> **Task details**:
A faithful, word-for-word copy of the data below is required, without pictures.

> **Captioned web images**:
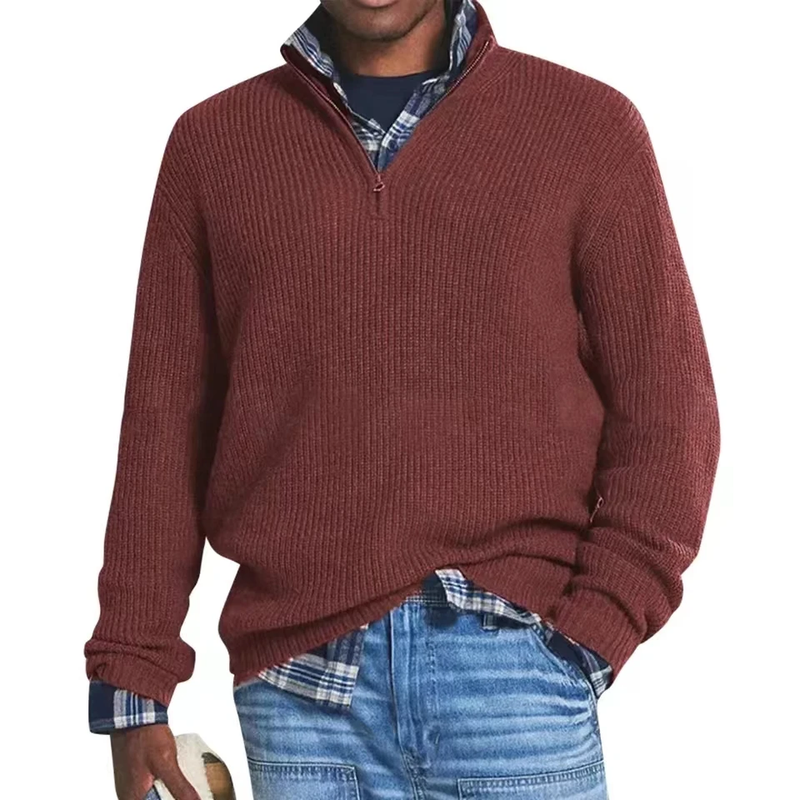 Men's ribbed quarter-zip sweater with mock neck and long sleeves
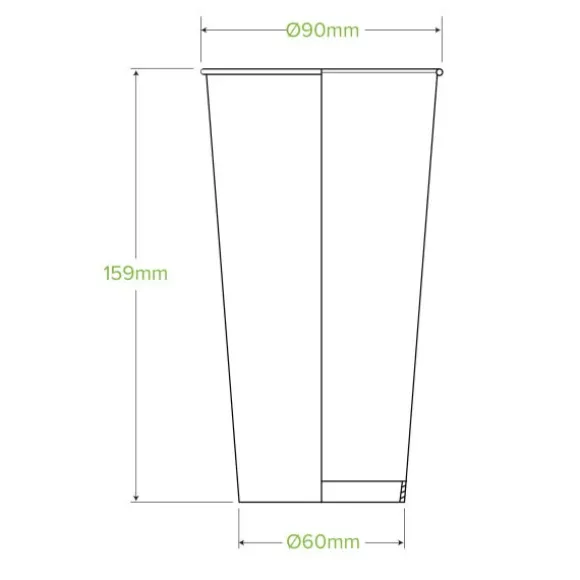 600ml / 20oz (90mm) Beer Cold Paper BioCup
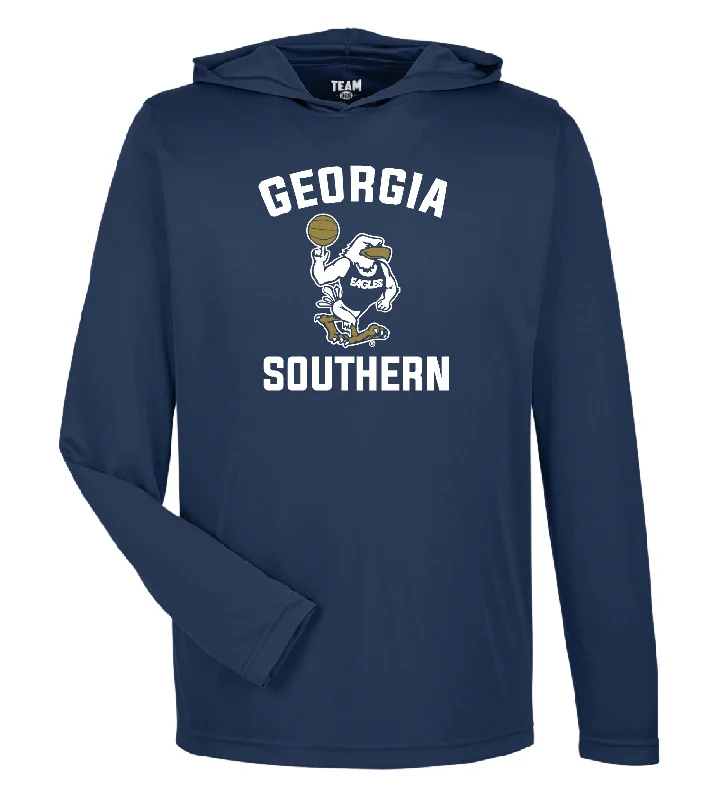 Strutting Eagle BASKETBALL Long Sleeve Hoodie Performance Tee - NAVY Hoodie Crop Top Short Trendy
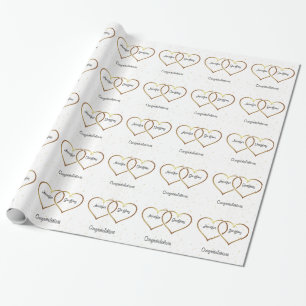 Gold Hearts-persoonlijk huwelijk Cadeaupapier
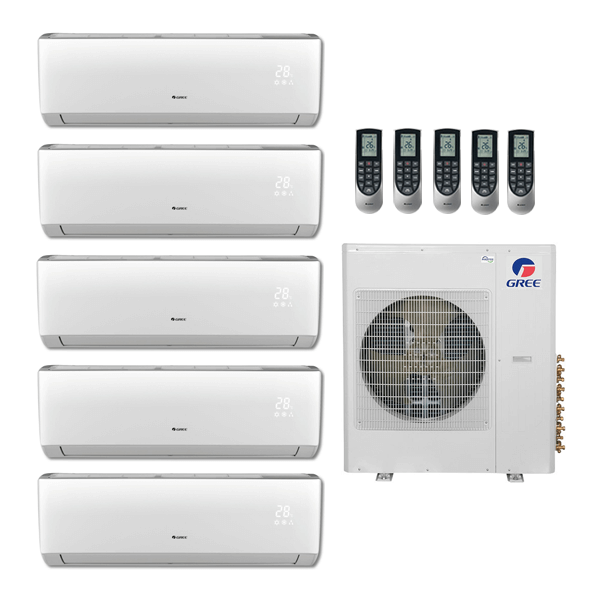 Gree 45,000 Btu 21 Seer 5-Zone Ductless Mini Split System - 9K-9K-9K-9K-9K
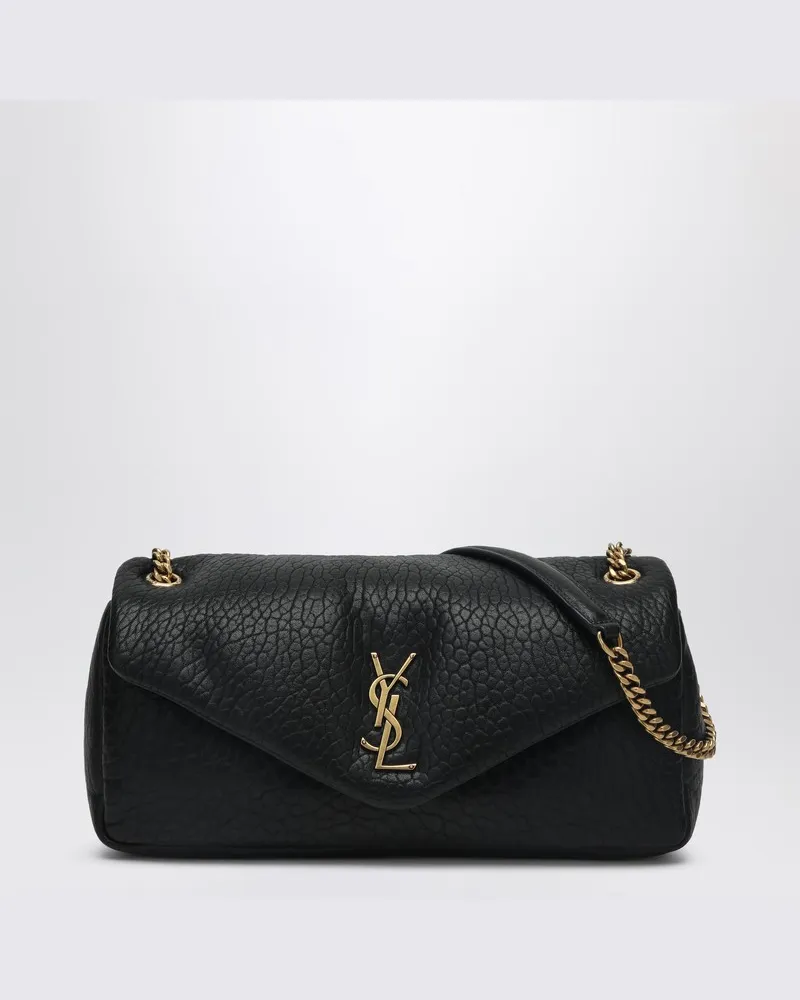 Saint Laurent Mittlere Calypso Tasche aus schwarzem Leder Schwarz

> **Solution to this task**:
 Men's ribbed quarter-zip sweater with mock neck and long sleeves
 600ml / 20oz (90mm) Beer Cold Paper BioCup
 Strutting Eagle BASKETBALL Long Sleeve Hoodie Performance Tee - NAVY Hoodie Crop Top Short Trendy
 Gold Hearts-persoonlijk huwelijk Cadeaupapier
 Gree 45,000 Btu 21 Seer 5-Zone Ductless Mini Split System - 9K-9K-9K-9K-9K
 Saint Laurent Mittlere Calypso Tasche aus schwarzem Leder Schwarz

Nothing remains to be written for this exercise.